Adolf Hitler’s commitment to his “stab-in-the-back” theory clouded his judgment and decision-making of war aims with the United States. He was so convinced that the Great War was lost due to Imperial Germany’s decision to surrender with no consideration given to American military might and her entry into the war in 1917. Notes Gerhard Weinberg in Germany Hitler & World War II: “During the years of his chancellorship before 1939, German policies designed to implement the project of war with the United States had been conditioned by two factors: belief in the truth of the stab-in-the-back legend on the one hand and the practical problems of engaging American military power on the other.”[1] There exists a contradiction of sorts here with the dilemma for Hitler. On the one hand, The US and Western Powers did not win the Great War – Germany quit, or surrendered. At the same time the US does exist as a military power pre-World War II – and how does Nazi Germany manage and strategize for this actuality?

The United States’ great distance from Germany and Europe was perceived as a stumbling block towards engaging America in war.
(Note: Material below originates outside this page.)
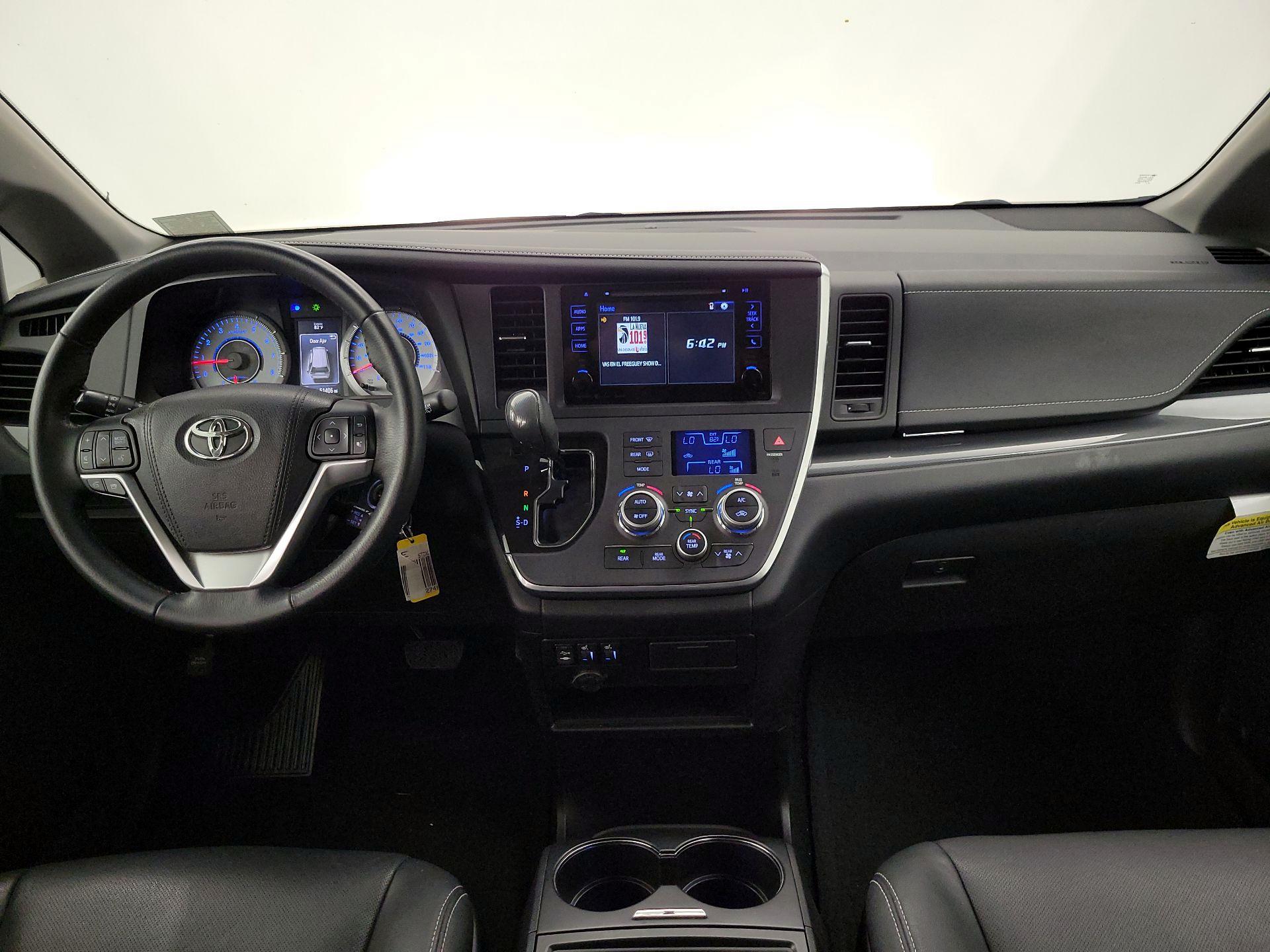 Thumbnail: 2017 Toyota Sienna - 9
These challenges of distance influenced the direction of aviation and naval design and their inherent strategies. Long-range bombers with the capability of reaching the American east coast from northwest Africa became prototypes in 1940. The ban on military planes for Germany as set forth by the Treaty of Versailles meant that Hitler and his aviation planners had to start from scratch. [2] The direction of Axis naval design was to larger, “superbattleships” of better quality than that possessed by the Allies; capable of withstanding the rigors of naval warfare against the larger American navy. [3] It was fortuitous for the Allies that Germany and Japan were never able to achieve a truly cooperative joint naval effort in either ocean.
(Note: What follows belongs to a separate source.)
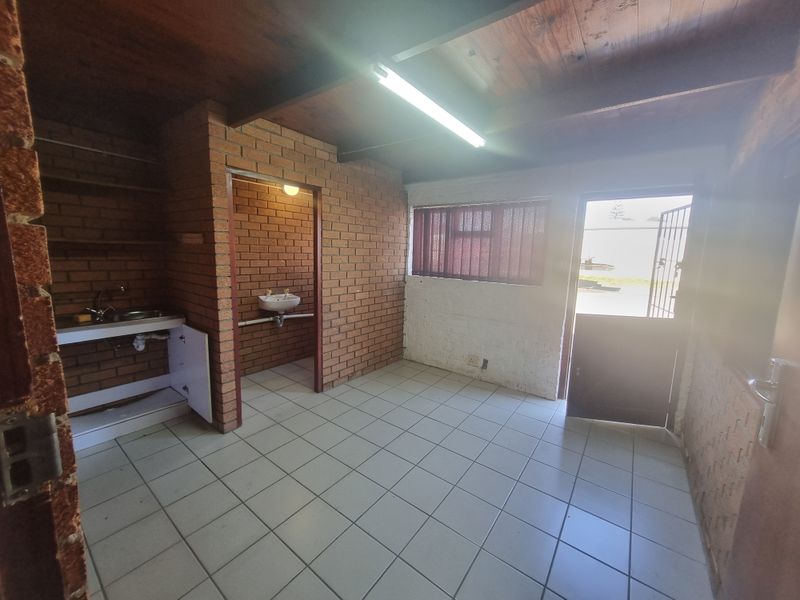 150m2 Industrial Factory Warehouse To Let in Brackenfell Industrial @ R 11 000.00 excluding VAT - Photo 8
The realities of the new balance of power created post-World War I were dramatically misread by Hitler – he so blinded by the stab-in-the-back rage. Hitler felt the United Sates was “incapable of serious effort on the international scene” – largely because of his racial views.[4] What had in-fact occurred after the Great War was the strengthening of the United States by the events of the war as offered by Weinberg in A World At Arms: A Global History of World War II: “Its industrial and actual or potential military power could be expected to become even greater into the distant future; and the articulation by President Woodrow Wilson of American ideals, projected onto the world scene by his oratory, made many look to him and his views as harbingers of a new world order.”[5]

Footnotes
1 Gerhard L. Weinberg, Germany Hitler & World War II (Cambridge: Cambridge University Press, 1995) 196.
2 Richard J. Evans, The Third Reich at War (New York: Penguin Press, 2009) 5.
3 Gerhard L. Weinberg, Germany Hitler & World War II (Cambridge: Cambridge University Press, 1995) 197.
4 Ibid., 194.
5 Gerhard L. Weinberg, A World At Arms: A Global History of World War II (Cambridge: Cambridge University Press, 1994) 10.

Bibliography
Evans, Richard J. The Third Reich at War. New York: Penguin Press, 2009.
Weinberg, Gerhard L. A World at Arms: A Global History of World War II, 2nd ed. Cambridge: Cambridge University Press, 1994. Page references are to the 2005 edition.
Weinberg, Gerhard L. Germany Hitler & World War II. Cambridge: Cambridge University Press, 1995.